When we replaced our NetApp filer cluster with a RHEL-based NFS cluster, we ran into a few surprises.
On our filer, we exported a mount point to most of our hosts as read-only. A select group of clients are able to mount that same export as read-write. We also had a second mount point that was read-write for all hosts.
This was not possible with our Linux-based NFS server. We could not have different export options for directories on the same filesystem. This was disappointing, but we were able to work around it.
acpid and fencing
Fencing refers to one node in a cluster isolating another node. When the secondary node needs to pick up the NFS service due to a malfunction of the primary, you don’t want the primary to continue reading and writing to the disk array. So RedHat Custer provides mechanisms for the secondary node to fence the primary. In our case, we’re using IPMI as the fencing mechanism. The secondary will issue an IPMI power off command to the primary, which should shut it down hard, the equivalent of pulling the power out of the primary.
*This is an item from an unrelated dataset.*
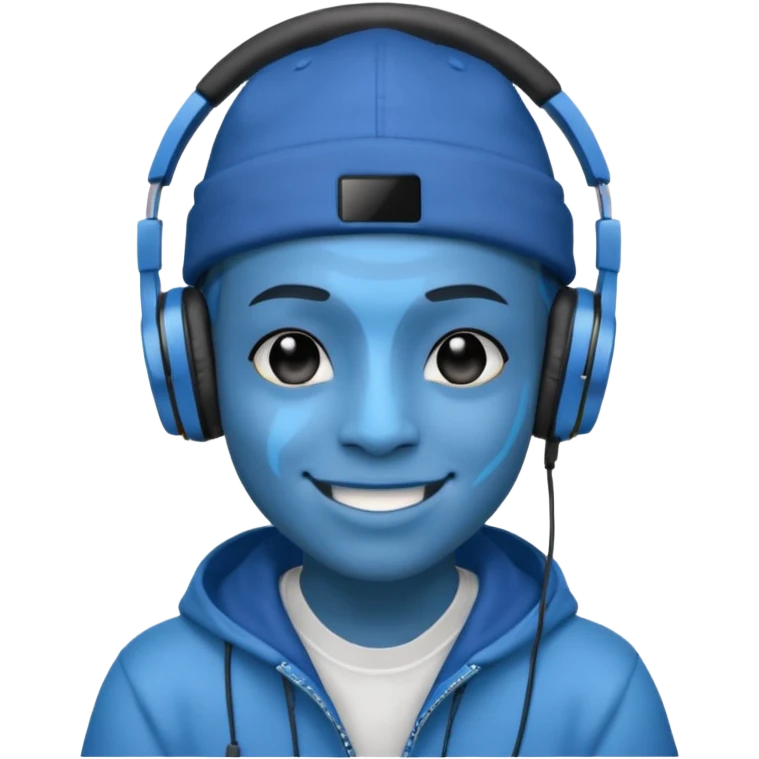 Avatar rapper with headphones blue character  emoji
We found that when the secondary would try to fence the primary, the primary would go down, but it would come back up, more like a soft reset than a hard power off.
The culprit? acpid. When we turned off this service, the IPMI commands worked as expected.
Low default number of NFS processes
RHEL defaults to 8 NFSd processes. We need our server to handle about 30-40 clients. We bumped up the number of processes to 32 by editing /etc/sysconfig/NFS to set RPCNFSDCOUNT=32.
This was a huge problem for us. Our NFS server was chugging along just fine, when we tried to do an rsync of the entire volume from our production server to our backup server. We had the two machines on the same switch (1Gbps). As soon as the rsync process started sending data, the server stopped serving NFS data — all the connected clients hung trying to read data. We killed the rsync process, and the system became responsive within about 30 seconds.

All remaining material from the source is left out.